Crucially `p` is not a math function, it is a Haskell function. So you can't
say "p is true iff its argument is pi" because you can't write that in
Haskell. In fact, all `p` can do is look at finitely many bits - if it looks
at infinite bits, there is an input for which it will never return. And
because it looks at finitely many bits, there is necessarily a largest bit-
index which it looks at.

Now a generic-imperative programmer might attempt:

    
    
        for (bignum x = 0; x < infinity; x++)
            if (p(x)) return x;
        return NotFound;
    

but the problem is knowing when to stop, so as to return NotFound.
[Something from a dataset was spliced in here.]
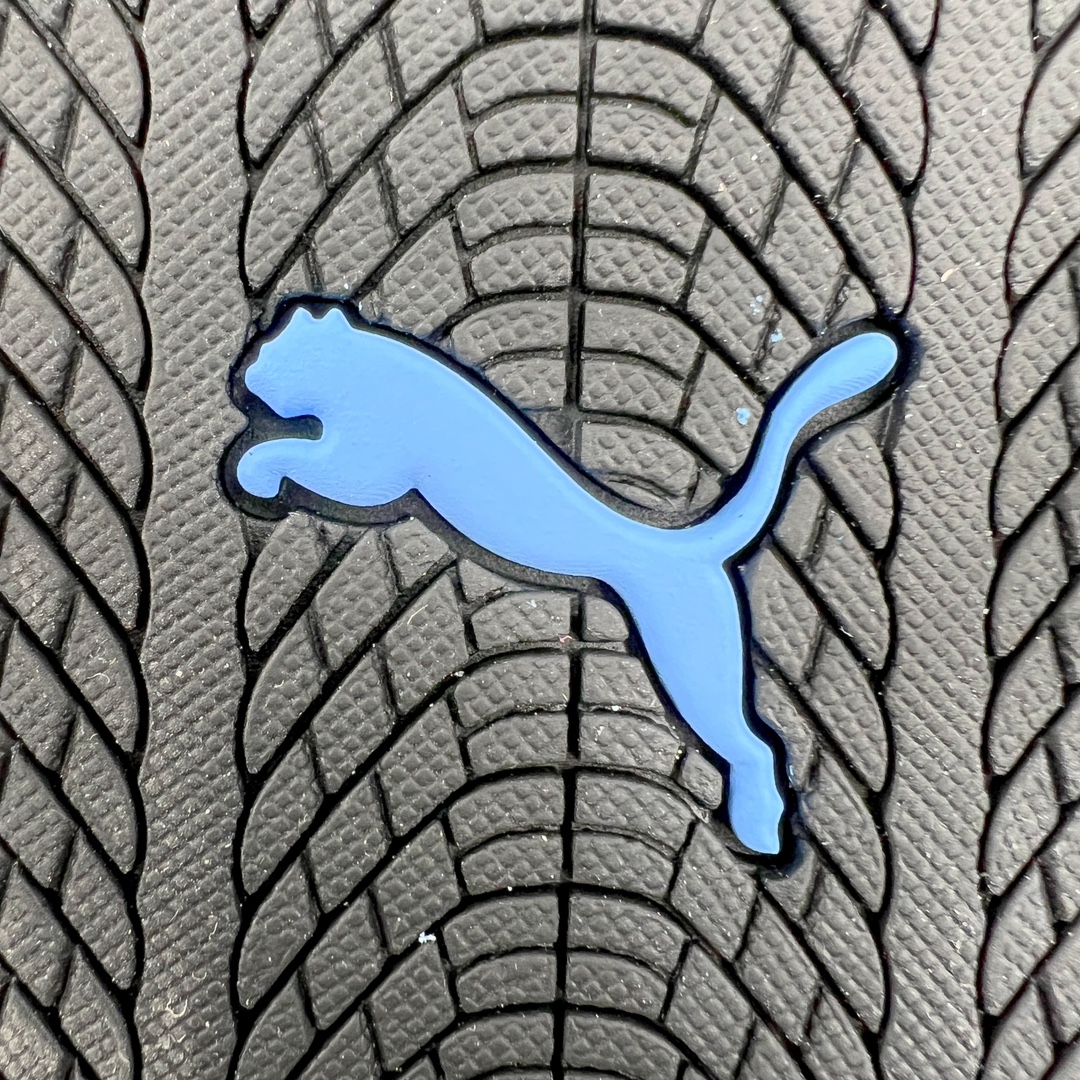 图片[19]-＃HP纯原 Open YY x Puma Speedca OG 彪马极速赛车系列低帮德训风拼接复古百搭休闲运动赛车鞋 OPEN YY x Puma Speedcat，成为韩国 2024 年至今最热鞋款，引发本地玩家排队疯抢，而缔造者之一 OPEN YY 早已席卷韩国时尚圈，并正试图用 Puma 联名等方式，将「首尔辣妹美学」带向全球。本次与「首尔辣妹衣柜」 OPEN YY 联名，发售之外还在乐天世界购物中心举办 POP UP，时尚博主纷纷到场打卡，让 Puma 的「IT Shoes」进一步拓展韩国市场，本次共发售 3 款配色，粉金、沙银更受女玩家喜爱，用以搭配裙装、运动裤，黑银则低调前卫，且男码几乎无溢价；而让不少玩家「提前种草」的，则是 OPEN YY 示范的「彩色丝袜 blokette 混搭」，配合干燥迷幻的亚文化氛围，成为不少女生的「新搭配指南」， POP UP 现场和近两天的社媒上脚图中，不少玩家继续用本次联名 Speedcat 玩转 blokette，并强调 Speedcat 与其他平底运动鞋相比，更加前卫、性感；Speedcat 外，OPEN YY 还将 Puma 的 Tracksuit、复古运动外套等单品，融入自身的「首尔辣妹美学」， 千禧银、赛车印花设计，颇为符合当下首尔街头日常着装的审美，也同样在发售时受到追捧。尺码：35.5 36 37 37.5 38 38.5 39 40 40.5 41 42 42.5 43 44 45-选品中心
However, if we could detect when `p` demands more bits than we have produced,
then the search will terminate:

    
    
        int bits = 0;
        bignum x = 0;
        while (x < (1 << bits)) {
          try {
             if (p(x)) return x;
             x++;
          } catch (BitAccessOutOfBounds) {
             bits++;
          }
        }
        return NotFound;
                
    

Haskell's laziness enables it to "drive the loop" but the idea is not so
different.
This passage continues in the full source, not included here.